Par ailleurs, je suis effrayé par la complexité des régulations et des contraintes qui pèsent sur les établissements. Cela crée un sentiment d’exaspération. Je dis donc stop à l’inflation des normes à l’hôpital, et oui à davantage d’autonomie budgétaire. Ce n’est pas aux ARS de rentrer dans le détail de la gestion d’un hôpital. Nous donnerons aussi des marges de manœuvre à l’hôpital sur la négociation du temps de travail. Il y a enfin le grand défi du développement des soins ambulatoires où nous avons un retard significatif.
Certains médicaments innovants sont mis sur le marché à des prix prohibitifs, écrivez-vous dans votre cahier santé. Partagez-vous le point de vue de Médecins du Monde ?

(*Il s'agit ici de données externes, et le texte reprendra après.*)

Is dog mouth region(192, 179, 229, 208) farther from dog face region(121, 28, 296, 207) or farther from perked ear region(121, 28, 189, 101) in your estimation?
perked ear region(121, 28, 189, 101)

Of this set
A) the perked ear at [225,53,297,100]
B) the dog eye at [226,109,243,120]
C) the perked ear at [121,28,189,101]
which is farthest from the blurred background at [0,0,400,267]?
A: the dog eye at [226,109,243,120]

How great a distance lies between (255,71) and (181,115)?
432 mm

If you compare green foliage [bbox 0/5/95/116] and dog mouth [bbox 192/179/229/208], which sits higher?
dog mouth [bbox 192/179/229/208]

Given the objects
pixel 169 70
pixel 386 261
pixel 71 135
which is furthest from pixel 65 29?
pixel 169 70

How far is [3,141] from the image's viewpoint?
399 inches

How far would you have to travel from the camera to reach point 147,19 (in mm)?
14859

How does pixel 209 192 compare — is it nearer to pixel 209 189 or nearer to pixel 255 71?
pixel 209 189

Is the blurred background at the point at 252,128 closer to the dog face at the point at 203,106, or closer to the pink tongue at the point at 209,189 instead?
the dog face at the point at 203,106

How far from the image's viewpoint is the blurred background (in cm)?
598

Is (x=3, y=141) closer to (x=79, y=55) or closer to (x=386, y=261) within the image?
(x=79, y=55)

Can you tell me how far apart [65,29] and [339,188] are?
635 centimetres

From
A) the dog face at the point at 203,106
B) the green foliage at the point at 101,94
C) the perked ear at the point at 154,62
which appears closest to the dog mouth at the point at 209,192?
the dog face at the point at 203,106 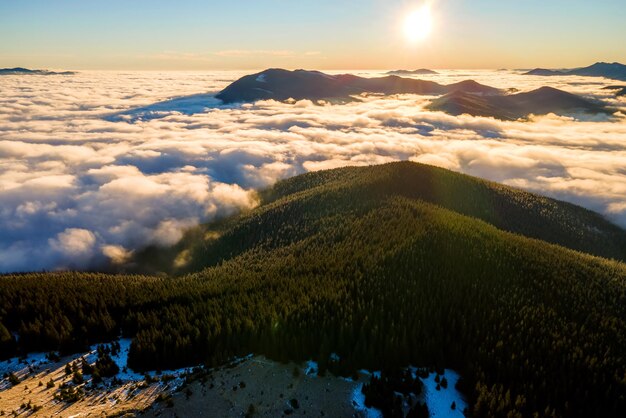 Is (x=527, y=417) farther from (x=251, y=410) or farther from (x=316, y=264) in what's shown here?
(x=316, y=264)

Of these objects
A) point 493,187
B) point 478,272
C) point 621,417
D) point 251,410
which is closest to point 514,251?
point 478,272

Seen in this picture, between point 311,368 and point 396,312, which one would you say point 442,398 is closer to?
point 311,368

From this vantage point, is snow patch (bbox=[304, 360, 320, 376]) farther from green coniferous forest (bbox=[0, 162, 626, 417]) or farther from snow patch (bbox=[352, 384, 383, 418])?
snow patch (bbox=[352, 384, 383, 418])

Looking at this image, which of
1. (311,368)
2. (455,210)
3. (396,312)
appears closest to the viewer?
(311,368)

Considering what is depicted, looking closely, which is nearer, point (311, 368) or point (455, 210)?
point (311, 368)

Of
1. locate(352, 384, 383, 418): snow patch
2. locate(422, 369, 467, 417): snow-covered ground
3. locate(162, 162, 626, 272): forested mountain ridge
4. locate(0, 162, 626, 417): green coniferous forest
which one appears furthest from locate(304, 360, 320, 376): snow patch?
locate(162, 162, 626, 272): forested mountain ridge

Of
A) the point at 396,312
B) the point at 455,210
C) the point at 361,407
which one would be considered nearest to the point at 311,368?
the point at 361,407

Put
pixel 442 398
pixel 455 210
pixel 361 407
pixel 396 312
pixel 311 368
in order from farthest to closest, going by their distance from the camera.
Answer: pixel 455 210
pixel 396 312
pixel 311 368
pixel 442 398
pixel 361 407

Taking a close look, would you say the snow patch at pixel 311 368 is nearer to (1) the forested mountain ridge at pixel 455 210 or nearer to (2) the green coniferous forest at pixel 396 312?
(2) the green coniferous forest at pixel 396 312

Oui, c’est vrai, il existe une forte pression des laboratoires. Sans prix très rémunérateurs, disent-ils, il n’y a pas de recherche, et sans recherche, il n’y a plus d’innovation. Un point d’équilibre est possible. Il faut négocier de façon plus ferme avec l’industrie pharmaceutique en étant très exigeant sur le service médical rendu sur la base d’avis d’experts indépendants, tout en permettant de financer la recherche. Quand on le fait, on y arrive, et pourquoi pas au niveau international. En même temps, les industriels ont raison de réclamer de la visibilité. Tout change tous les six mois, ce qui empêche les investisseurs d’investir et les chercheurs de chercher : je veux la leur garantir dans le cadre d’un pacte de mandature.